___ DATA FOR THIS EXERCISE
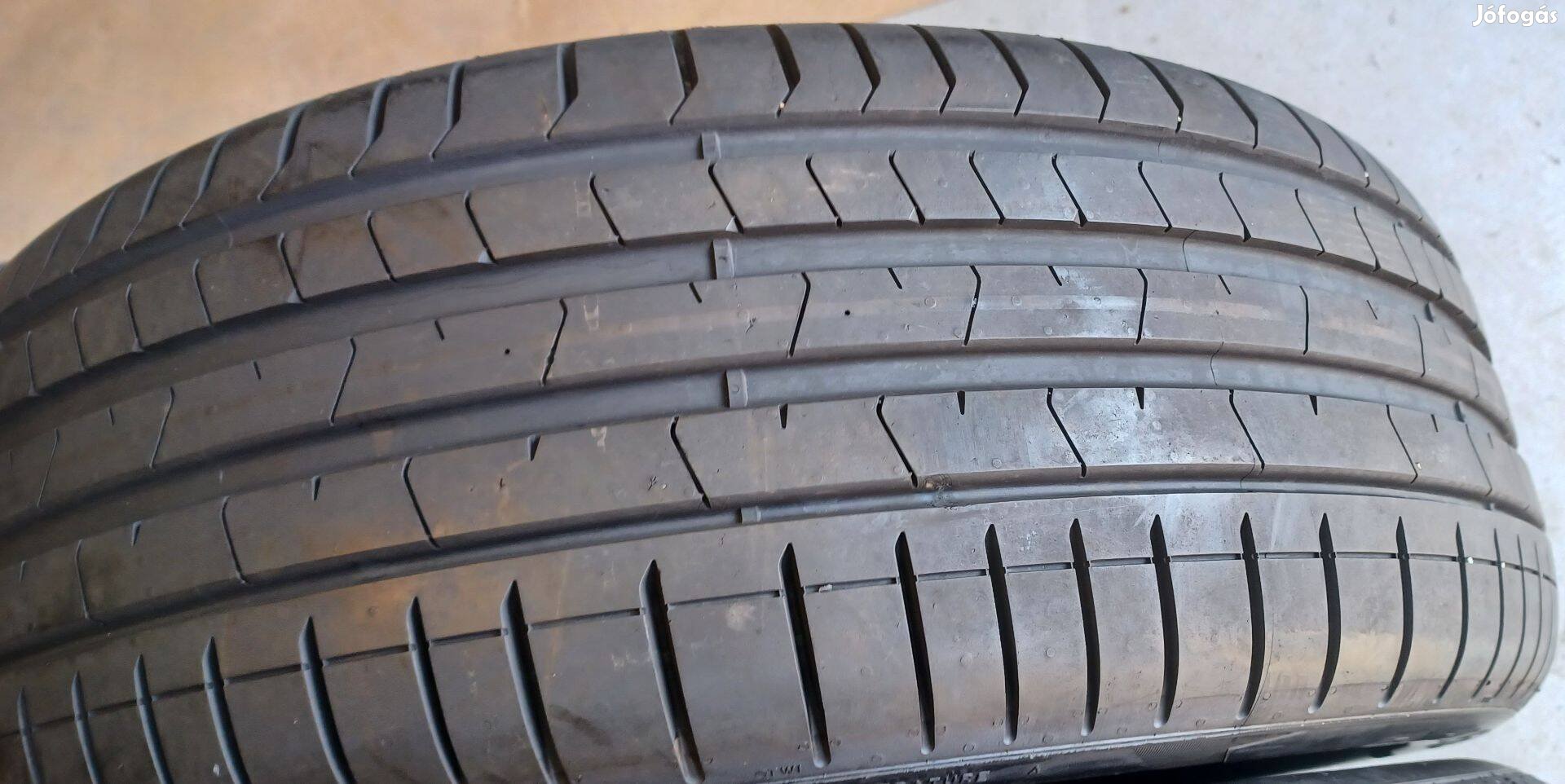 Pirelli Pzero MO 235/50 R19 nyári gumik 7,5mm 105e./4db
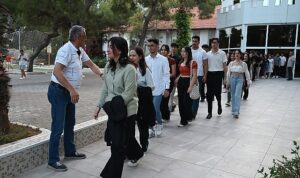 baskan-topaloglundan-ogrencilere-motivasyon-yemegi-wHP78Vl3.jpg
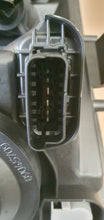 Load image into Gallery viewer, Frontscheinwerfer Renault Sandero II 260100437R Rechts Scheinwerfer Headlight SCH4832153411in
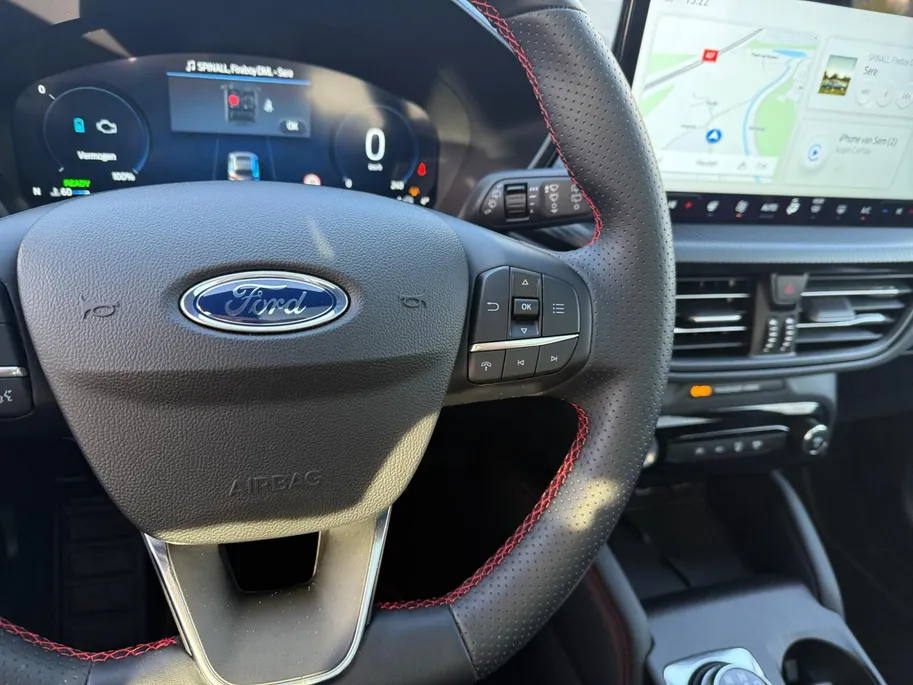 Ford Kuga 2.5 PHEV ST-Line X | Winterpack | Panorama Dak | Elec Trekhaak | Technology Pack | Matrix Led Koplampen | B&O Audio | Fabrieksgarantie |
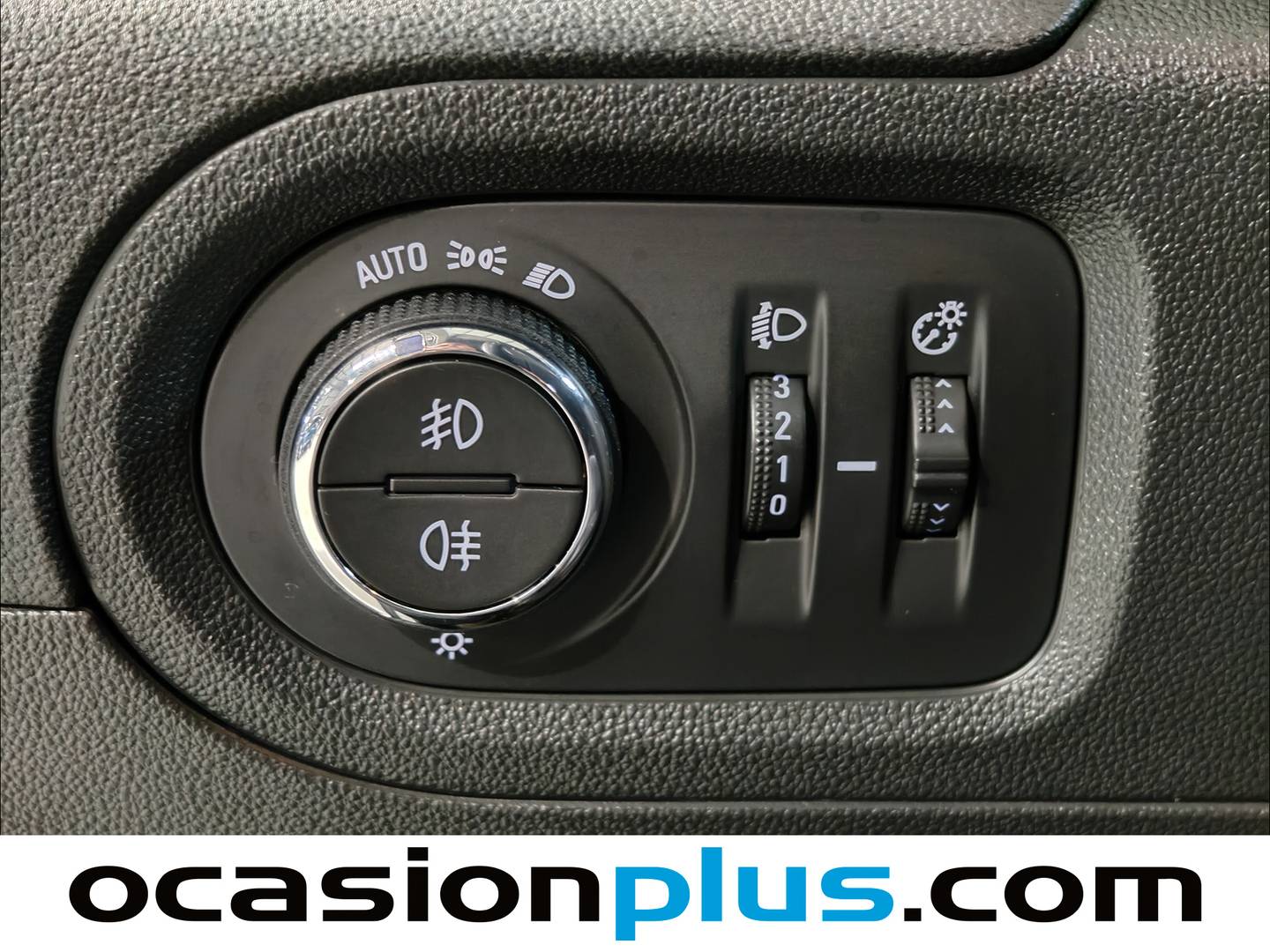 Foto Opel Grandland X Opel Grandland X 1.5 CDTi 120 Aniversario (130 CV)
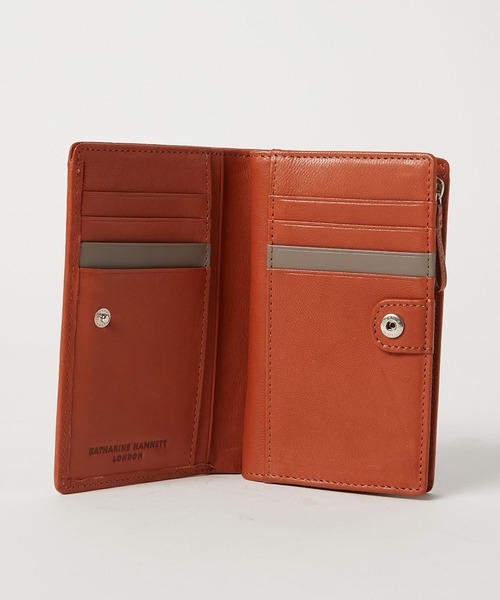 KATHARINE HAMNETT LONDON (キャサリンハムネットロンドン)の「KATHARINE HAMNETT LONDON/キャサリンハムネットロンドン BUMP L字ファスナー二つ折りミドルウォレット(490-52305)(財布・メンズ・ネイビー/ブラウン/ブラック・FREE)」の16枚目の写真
______
___ DATA FOR THIS EXERCISE
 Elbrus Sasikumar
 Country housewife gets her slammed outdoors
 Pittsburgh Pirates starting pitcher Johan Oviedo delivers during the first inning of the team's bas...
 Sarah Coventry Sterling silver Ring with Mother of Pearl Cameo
______
___ DATA FOR THIS EXERCISE
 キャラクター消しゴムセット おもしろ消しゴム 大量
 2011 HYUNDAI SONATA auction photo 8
______
For the entries above, print exactly the lines between the one with "Pirelli Pzero MO" and the one with "KATHARINE HAMNETT LONDON (キャサリンハムネットロンドン)の「KATHARINE", inclusive, with no pictures.

 Pirelli Pzero MO 235/50 R19 nyári gumik 7,5mm 105e./4db
 baskan-topaloglundan-ogrencilere-motivasyon-yemegi-wHP78Vl3.jpg
 Load image into Gallery viewer, Frontscheinwerfer Renault Sandero II 260100437R Rechts Scheinwerfer Headlight SCH4832153411in
 Ford Kuga 2.5 PHEV ST-Line X | Winterpack | Panorama Dak | Elec Trekhaak | Technology Pack | Matrix Led Koplampen | B&O Audio | Fabrieksgarantie |
 Foto Opel Grandland X Opel Grandland X 1.5 CDTi 120 Aniversario (130 CV)
 KATHARINE HAMNETT LONDON (キャサリンハムネットロンドン)の「KATHARINE HAMNETT LONDON/キャサリンハムネットロンドン BUMP L字ファスナー二つ折りミドルウォレット(490-52305)(財布・メンズ・ネイビー/ブラウン/ブラック・FREE)」の16枚目の写真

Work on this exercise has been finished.